By resolution dated March 11, 1976, the Common Council

of the city of La Crosse established an

Annexation and Apportionment Committee.



The Committee was given "the authority to deal with firms,

persons and corporations relative to annexation

and make recommendations and reports to the

Common Council on annexation matters."



By resolution dated September 9, 1976, the Common Council

authorized the Committee "to negotiate with the Town of Medary

such compromise or compromises that may be deemed necessary and

desirable to effect a solution to the impasse with respect to

sewer service to the Town of Medary, and report back to the

Common Council for its consideration."



The defendant was contacted by several residents of the town of

Medary who requested that the members of the Committee meet with

town of Medary residents to discuss annexation and sewer service

to the town.



The defendant agreed and asked the La Crosse City Clerk to notify

only the members of the Committee that a conference would be held

at the Fauver Hill School in the town of

Medary at 7. p.m., September 23.



The defendant also requested the City Clerk

not to notify the news media.



The City Clerk told the defendant that she

would be unable to comply with his requests.



The defendant then personally notified each member of the

Committee but did not notify the news media or the

general public and did not comply with the notice

provisions of secs. 19.83 and 19.84, Stats.

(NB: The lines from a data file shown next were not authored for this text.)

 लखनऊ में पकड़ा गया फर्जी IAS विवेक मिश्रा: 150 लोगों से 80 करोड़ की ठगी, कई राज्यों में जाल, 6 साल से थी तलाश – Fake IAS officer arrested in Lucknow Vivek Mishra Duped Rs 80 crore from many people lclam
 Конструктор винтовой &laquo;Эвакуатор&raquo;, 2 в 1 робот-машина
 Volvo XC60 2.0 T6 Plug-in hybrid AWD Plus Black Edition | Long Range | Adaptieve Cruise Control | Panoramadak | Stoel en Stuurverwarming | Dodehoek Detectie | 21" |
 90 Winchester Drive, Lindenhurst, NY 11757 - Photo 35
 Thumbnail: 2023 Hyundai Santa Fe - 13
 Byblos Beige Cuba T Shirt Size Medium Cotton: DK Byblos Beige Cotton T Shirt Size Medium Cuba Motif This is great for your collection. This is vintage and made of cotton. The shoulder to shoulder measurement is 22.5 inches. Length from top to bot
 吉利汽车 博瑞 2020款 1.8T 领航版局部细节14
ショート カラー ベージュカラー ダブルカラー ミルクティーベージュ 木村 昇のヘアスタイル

Thus the meeting took place without being preceded by

the public notice referred to in Section 19.84(1)(b).



In response to written interrogatories, the defendant stated

that he did not notify the public or the news media because

the town of Medary residents requested him to notify only

Committee members and that he took no action to comply

with Sections 19.83 and 19.84 because, in his words,

"Such statutes [are] not applicable to this meeting."



He did not seek legal advice from the City Attorney's office

regarding whether notice should have been given.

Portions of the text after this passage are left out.